Switzerland’s reaction was immediately gauged by Sir Clifford Norton. Regularly, Norton met Marcel Pilet-Golaz, the arrogant foreign minister who hardly troubled to hide his sympathy for the Germans, a sentiment shared by the majority of the Federal Council. By 1943, even Norton, a timid character, had become exasperated by Pilet-Golaz’s use of the words “loyalty” and “neutrality.” Loyalty, to Pilet-Golaz, meant Switzerland’s right to “make agreements with both sides and keep them loyally.” Concerning neutrality, Pilet-Golaz compared his country’s neutrality to that of the United States until the attack on Pearl Harbor—a deliberate distortion that ignored Washington’s decisive support for Britain until the Japanese attack. To Norton’s irritation, the minister further boasted that preserving Switzerland’s neutrality was itself a victory and justified his country’s profiting from the war. Yet Norton was also mollified by the politician. Pleading that he was truly pro-Ally but was hampered by the Federal Council, Pilet-Golaz had pledged that Switzerland would guarantee a “marked decrease” of exports to Germany during 1943. “I do not like the position in which Switzerland finds itself,” Pilet-Golaz told Norton, apparently sympathizing with Britain’s complaint, “but it is not our fault.” An embargo, explained the minister, would reduce Switzerland’s food imports, causing unemployment and unrest. Since he had made an identical pledge to reduce trade in 1942, which had later been dishonored, the Foreign Office and the State Department were resigned to the fact that the Swiss would always choose the Germans in preference to the Allies unless, as occurred on May 8, 1943, there was an opportunity to drive a wedge between Switzerland and Germany.

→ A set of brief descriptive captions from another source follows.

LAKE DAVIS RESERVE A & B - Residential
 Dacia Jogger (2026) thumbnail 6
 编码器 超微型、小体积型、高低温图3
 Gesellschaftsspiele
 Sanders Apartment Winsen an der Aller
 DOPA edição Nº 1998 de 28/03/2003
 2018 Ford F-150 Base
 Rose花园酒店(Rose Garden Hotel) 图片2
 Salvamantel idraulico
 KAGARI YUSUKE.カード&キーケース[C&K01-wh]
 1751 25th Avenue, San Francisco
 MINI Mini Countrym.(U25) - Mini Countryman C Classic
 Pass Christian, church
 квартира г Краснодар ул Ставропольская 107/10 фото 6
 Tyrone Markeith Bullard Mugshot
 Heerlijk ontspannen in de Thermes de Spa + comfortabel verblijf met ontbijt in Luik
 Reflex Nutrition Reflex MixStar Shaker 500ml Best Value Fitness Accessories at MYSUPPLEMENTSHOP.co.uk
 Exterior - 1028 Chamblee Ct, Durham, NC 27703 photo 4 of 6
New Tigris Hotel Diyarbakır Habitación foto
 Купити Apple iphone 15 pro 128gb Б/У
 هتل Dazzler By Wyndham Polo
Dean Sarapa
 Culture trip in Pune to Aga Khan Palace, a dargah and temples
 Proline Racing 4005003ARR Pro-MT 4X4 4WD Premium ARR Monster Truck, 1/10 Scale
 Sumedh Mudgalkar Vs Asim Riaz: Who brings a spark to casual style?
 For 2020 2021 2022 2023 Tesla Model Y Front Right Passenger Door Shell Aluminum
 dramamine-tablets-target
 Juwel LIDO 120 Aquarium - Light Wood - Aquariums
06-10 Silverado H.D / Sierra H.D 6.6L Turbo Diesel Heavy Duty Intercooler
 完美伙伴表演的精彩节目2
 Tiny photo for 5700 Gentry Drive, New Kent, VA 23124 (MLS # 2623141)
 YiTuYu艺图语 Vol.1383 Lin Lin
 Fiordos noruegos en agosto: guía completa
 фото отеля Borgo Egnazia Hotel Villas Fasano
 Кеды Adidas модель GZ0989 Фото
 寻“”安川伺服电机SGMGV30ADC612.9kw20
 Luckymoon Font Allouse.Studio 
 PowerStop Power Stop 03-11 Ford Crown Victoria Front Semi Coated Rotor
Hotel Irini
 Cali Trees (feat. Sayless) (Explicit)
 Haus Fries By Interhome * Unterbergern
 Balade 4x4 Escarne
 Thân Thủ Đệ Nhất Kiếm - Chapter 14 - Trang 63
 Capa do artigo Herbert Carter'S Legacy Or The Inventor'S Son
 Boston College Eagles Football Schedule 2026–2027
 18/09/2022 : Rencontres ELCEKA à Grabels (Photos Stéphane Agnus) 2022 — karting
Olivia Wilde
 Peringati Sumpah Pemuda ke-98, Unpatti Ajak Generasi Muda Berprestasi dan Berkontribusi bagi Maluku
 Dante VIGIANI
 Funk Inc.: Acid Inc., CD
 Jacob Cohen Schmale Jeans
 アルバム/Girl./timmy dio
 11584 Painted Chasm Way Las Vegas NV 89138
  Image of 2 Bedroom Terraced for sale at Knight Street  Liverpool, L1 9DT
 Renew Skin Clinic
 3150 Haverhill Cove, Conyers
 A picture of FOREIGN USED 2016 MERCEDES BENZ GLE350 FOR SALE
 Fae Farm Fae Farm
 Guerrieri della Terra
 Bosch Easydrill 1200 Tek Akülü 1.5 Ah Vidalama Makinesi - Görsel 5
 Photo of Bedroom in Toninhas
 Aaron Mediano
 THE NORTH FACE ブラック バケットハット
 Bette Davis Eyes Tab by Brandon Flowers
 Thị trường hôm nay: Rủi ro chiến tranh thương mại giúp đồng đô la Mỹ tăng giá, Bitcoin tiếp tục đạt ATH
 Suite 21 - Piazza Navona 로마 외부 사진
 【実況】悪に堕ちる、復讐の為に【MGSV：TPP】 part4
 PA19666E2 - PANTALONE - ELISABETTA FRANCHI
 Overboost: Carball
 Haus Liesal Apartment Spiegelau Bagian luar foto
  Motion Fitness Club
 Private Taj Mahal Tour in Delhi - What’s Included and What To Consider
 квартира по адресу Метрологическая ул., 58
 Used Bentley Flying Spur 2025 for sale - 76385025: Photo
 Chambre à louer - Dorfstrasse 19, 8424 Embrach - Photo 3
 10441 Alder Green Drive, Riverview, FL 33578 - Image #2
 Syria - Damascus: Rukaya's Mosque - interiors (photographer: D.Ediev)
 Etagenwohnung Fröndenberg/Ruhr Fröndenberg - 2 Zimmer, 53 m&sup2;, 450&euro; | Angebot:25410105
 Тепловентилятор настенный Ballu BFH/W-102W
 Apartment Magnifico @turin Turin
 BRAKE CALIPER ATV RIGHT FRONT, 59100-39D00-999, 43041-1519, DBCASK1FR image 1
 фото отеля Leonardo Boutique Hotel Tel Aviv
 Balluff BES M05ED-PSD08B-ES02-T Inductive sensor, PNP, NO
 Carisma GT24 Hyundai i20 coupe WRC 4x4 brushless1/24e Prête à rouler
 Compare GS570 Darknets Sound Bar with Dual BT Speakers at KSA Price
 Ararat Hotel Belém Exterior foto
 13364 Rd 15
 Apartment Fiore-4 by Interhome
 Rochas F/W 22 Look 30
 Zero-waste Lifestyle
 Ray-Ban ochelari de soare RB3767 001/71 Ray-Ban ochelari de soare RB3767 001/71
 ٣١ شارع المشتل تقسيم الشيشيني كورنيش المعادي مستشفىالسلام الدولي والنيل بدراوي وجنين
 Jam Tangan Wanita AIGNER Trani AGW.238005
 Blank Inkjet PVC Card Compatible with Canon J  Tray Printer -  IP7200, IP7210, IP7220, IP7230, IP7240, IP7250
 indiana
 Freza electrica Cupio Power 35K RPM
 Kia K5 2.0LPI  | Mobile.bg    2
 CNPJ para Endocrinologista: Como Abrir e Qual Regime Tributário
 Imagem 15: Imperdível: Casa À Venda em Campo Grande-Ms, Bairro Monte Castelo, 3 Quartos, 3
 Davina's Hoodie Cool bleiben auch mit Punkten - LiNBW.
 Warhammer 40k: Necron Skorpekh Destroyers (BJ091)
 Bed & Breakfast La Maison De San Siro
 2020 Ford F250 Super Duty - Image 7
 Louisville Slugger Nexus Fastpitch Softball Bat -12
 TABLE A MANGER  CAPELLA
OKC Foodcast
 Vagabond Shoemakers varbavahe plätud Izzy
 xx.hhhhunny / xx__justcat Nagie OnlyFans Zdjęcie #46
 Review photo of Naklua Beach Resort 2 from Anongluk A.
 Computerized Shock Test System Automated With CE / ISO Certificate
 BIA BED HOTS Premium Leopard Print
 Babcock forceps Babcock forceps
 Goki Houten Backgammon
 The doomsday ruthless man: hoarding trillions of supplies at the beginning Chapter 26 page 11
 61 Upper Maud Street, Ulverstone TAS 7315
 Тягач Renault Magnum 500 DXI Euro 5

Walther Thurnherr, the Swiss ambassador, informed Eden that Switzerland’s trade negotiations with Germany had broken down and asked whether the sanctions could therefore not be lifted. Since Switzerland was continuing to supply munitions while a new treaty was discussed, the Allies’ response was tough. Supplies of food and fodder were banned for three months. Stung, Switzerland agreed to reduce war exports to Germany, especially ball-bearings, by 60 percent for the remainder of the year. Allied sanctions were relaxed, but the goodwill proved to have been wasted. In October, ignoring the Allies’ concerns, the Swiss signed a new trade agreement in Berlin, granting the Nazis a further SF270 million loan to buy Swiss munitions. British ministers were furious. Switzerland’s repeated promises to reduce exports to Germany, it was clear, would never be honored. “The more we damage Germany,” Foot told Thurnherr, “the more the Germans need the Swiss.” Thurnherr was unimpressed. “HMG [His Majesty’s Government],” continued Foot, “take an extremely serious view of this arrangement.” After the war, he threatened, “Switzerland would not be allowed by the Allies to recover their huge loans to Germany.” The ambassador naturally cabled a report of that conversation to Bern. It was read, filed, ignored and soon forgotten. Warnings uttered in London and Washington were the echoes of ghosts, not credible to the burghers of Zurich and Bern, who regarded the likes of Sam Klaus as the enemy.

Contemplating in Switzerland’s summer sunshine the history of the Allies’ relations with the neutral country over the previous four years, Klaus understood that one trade between Bern and Berlin—the smooth passage of gold ingots across the frontier—was a cornerstone of their intrigue. Standing in Bern’s Bundesplatz, looking at the underwhelming portico of Switzerland’s parliament, Klaus glanced to the left and found himself gazing at bland features of Switzerland’s National Bank.

A nation’s morality is occasionally betrayed by its architecture, but the edifices of Switzerland’s democracy, he reflected, revealed little of the national character. Yet if a swastika had been chiseled into the stone under the National Bank’s portico, it would have offered a fair hint of Switzerland’s sentiment toward the Nazis.